51 – Spiritualität in der Schule

Spiritualität in der Schule

Ich bin Lehrer und suche einen Weg, meinen Schülern auch bei ihrer spirituellen Entwicklung zu helfen. Auch wenn ich weiß, dass jeder Mensch individuell seinen Weg zur „Selbstverwirklichung“ selbst finden und gehen muss, so glaube ich doch, dass ihm andere Menschen Hilfestellungen hierzu geben könne.

Natürlich kann ich versuchen, den Einzelnen mit meinem persönlichen Weg anzusprechen, ihn auf die in ihm enthaltenen Möglichkeiten aufmerksam zu machen. Ich frage mich jedoch, ob nicht darüber hinaus eine so große Organisation wie ein Gymnasium ein spirituelles Angebot machen kann, das zunächst sehr allgemein gehalten ist, und durch das diejenigen Schüler, die zu einer Verinnerlichung bereit sind, angeregt werden, den Weg nach Innen zu suchen und zu beschreiten.

Meine Frage lautet also, ob es nicht solche (zunächst überindividuellen Angebote) geben kann und welcher Art sie sein könnten.

Antwort:

Wenn es „dein“ Gymnasium wäre und seine Mauern deinen Geist atmen würden, wäre das alles kein Problem. Dann würden sich Angebote wie du sie dir vorstellst harmonisch in das Ganze einordnen. Doch das ist hier nun einmal nicht der Fall. Deshalb ist das, was du dir vorstellst, schwierig zu verwirklichen. Es ist aber auch nicht unmöglich.

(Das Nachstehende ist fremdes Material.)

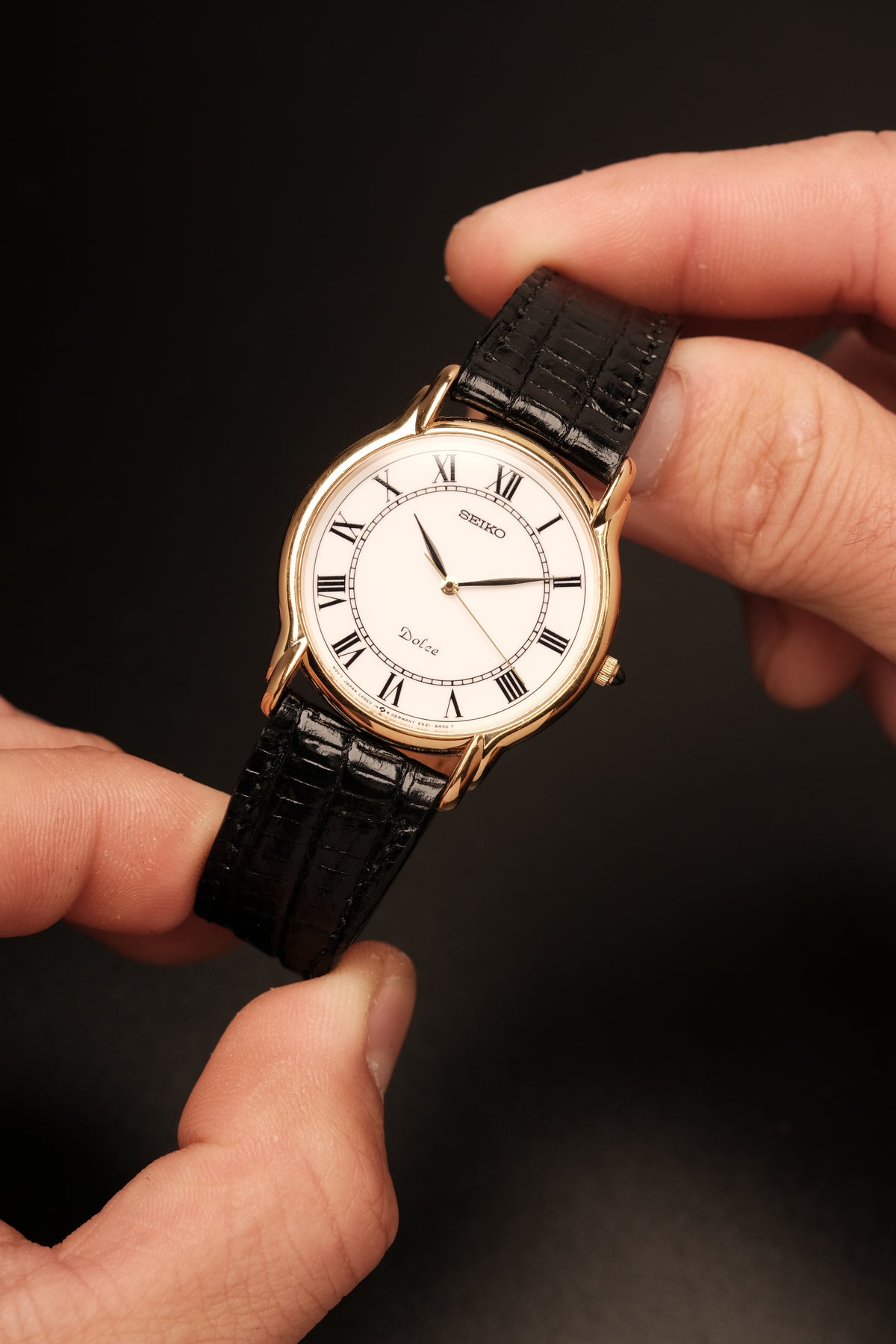 1989 Vintage  Seiko Dolce reference 5S21-8A00 Sweeping Hand 34MM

Doch gibt es immer eines zu bedenken: Hilfe macht nur dann Sinn, wenn sie erwünscht ist, besser noch: erbeten wurde. Dem Angebot muss also ein Bedürfnis vorausgegangen sein, das befriedigt werden wollte. Eine Hilfe die nicht genutzt wird ist selbstverständlich nutzlos.

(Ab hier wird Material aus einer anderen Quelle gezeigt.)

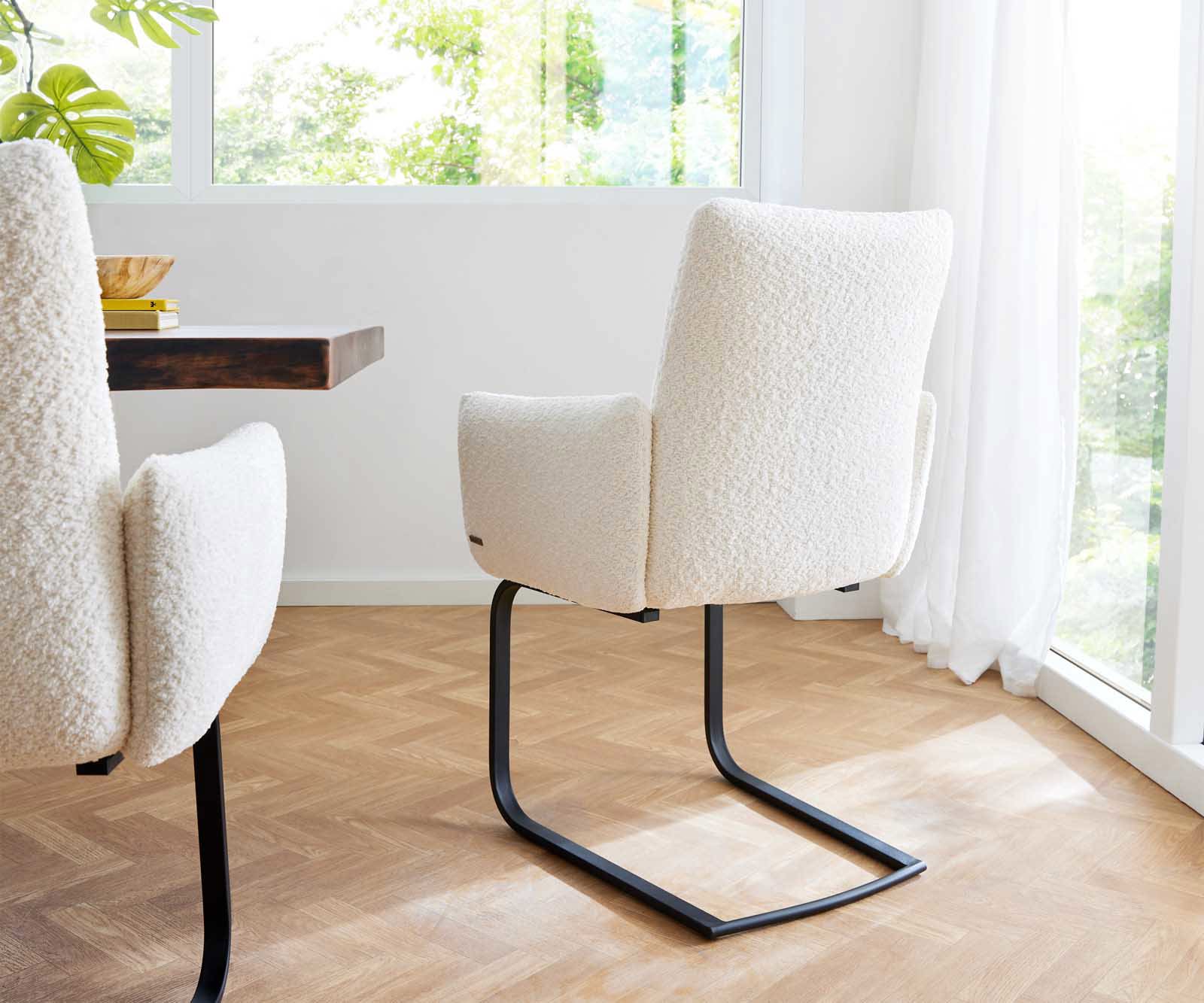 Cantilever Jova-Flex avec accoudoirs bouclé blanc pied cantilever plat noir ressorts ensachés 4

Andererseits kann ein Interesse durchaus vorhanden sein, obwohl es noch von niemandem artikuliert worden ist. Doch das muss man kennen, bevor ein Angebot gemacht werden kann. Spiritualität ist ein sehr feines geistiges Gewebe, das sofort zerreißt, wenn es überdehnt wird.

Deshalb haben Angebote, wie du sie dir vorstellst, nur ein einem Fall Aussicht darauf von den Schülern akzeptiert und angenommen zu werden: Sie müssen gemeinsam mit ihnen entwickelt worden sein und der Lehrer, der in diesen Prozess eintritt, darf sich nicht als solcher begreifen. Das entspricht vielleicht nicht gerade dem Wesen von Schule, doch genau darin läge hier die Chance.

Du könntest damit beginnen, mit einem kleinen Kreis von Schülern – und wenn es am Anfang nur zwei wären würde das schon genügen – herauszufinden, welche Art von Samen ihr gemeinsam in die Erde legen wollt. Du alleine kannst das nicht wissen, aber die Schüler könnten dir helfen es zu ergründen.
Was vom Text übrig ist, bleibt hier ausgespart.